What you should do — Every line below that carries the word "House" needs to be copied.

Extracted data Block Start

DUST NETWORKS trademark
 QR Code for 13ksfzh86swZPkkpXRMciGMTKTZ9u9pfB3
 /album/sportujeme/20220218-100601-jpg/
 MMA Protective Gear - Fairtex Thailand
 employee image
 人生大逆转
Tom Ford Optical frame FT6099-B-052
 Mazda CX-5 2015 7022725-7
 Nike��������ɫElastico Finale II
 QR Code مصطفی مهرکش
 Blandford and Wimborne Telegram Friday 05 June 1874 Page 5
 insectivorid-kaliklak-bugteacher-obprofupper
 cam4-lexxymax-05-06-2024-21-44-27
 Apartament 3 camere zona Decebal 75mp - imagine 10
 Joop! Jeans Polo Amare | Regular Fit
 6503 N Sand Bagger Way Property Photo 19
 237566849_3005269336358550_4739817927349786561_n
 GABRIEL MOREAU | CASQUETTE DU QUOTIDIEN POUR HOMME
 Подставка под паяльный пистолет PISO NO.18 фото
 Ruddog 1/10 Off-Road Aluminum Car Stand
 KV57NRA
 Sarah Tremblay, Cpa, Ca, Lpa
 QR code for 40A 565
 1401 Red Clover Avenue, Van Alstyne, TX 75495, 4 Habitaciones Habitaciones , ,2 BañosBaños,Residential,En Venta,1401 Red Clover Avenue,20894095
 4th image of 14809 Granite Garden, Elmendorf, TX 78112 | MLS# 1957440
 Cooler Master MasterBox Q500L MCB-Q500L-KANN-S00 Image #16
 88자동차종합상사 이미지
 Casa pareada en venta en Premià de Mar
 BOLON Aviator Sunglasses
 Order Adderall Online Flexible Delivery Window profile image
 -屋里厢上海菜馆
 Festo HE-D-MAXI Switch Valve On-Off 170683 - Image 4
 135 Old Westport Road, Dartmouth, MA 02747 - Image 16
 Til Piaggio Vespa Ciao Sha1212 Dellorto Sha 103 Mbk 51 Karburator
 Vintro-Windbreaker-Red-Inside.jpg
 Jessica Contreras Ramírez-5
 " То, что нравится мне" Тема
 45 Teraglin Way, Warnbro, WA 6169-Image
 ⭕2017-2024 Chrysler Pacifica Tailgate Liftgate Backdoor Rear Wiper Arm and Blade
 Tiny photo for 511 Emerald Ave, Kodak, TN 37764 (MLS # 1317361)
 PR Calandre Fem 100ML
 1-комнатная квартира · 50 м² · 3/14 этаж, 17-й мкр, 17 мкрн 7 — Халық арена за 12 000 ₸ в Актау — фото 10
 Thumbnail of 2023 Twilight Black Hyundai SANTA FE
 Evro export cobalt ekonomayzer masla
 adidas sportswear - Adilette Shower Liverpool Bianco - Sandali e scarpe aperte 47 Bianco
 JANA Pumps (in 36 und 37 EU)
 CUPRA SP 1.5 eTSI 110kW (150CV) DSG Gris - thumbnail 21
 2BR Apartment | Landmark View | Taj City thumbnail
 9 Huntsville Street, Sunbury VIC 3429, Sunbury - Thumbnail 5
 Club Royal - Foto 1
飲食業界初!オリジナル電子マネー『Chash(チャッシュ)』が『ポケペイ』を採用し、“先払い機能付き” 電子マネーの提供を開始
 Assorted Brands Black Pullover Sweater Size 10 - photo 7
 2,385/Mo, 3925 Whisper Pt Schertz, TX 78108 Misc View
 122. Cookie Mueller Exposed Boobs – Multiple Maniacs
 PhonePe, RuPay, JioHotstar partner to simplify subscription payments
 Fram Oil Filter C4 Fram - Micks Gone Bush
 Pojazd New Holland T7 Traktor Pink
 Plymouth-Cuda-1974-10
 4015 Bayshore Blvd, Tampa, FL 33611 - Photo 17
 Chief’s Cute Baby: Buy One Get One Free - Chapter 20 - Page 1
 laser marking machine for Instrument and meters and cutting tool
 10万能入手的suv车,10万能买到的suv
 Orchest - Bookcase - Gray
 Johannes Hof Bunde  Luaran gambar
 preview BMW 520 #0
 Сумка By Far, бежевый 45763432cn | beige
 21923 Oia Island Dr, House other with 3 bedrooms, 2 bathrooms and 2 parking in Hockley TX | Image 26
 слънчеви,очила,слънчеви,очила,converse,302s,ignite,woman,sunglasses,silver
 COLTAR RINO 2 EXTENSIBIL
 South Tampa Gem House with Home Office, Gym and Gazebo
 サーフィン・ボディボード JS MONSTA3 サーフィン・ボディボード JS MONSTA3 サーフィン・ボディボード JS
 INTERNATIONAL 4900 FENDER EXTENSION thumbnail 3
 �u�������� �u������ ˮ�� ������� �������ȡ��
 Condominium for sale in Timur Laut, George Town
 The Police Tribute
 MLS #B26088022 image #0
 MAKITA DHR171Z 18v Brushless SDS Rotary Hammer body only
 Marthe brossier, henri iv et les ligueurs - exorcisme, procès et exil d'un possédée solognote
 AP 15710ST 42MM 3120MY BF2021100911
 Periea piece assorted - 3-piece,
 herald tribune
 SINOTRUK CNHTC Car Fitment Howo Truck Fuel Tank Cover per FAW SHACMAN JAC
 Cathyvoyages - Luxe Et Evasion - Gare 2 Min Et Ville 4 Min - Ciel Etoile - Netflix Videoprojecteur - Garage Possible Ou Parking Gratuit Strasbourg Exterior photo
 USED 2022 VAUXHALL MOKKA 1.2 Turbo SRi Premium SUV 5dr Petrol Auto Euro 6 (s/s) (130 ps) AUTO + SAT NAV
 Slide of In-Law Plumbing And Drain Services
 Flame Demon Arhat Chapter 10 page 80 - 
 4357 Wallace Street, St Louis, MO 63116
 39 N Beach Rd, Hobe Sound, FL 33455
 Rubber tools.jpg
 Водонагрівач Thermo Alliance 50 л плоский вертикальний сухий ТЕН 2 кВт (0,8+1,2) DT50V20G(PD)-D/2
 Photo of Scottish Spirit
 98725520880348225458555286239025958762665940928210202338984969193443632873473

Extracted data Block End

Answer box —
 21923 Oia Island Dr, House other with 3 bedrooms, 2 bathrooms and 2 parking in Hockley TX | Image 26
 South Tampa Gem House with Home Office, Gym and Gazebo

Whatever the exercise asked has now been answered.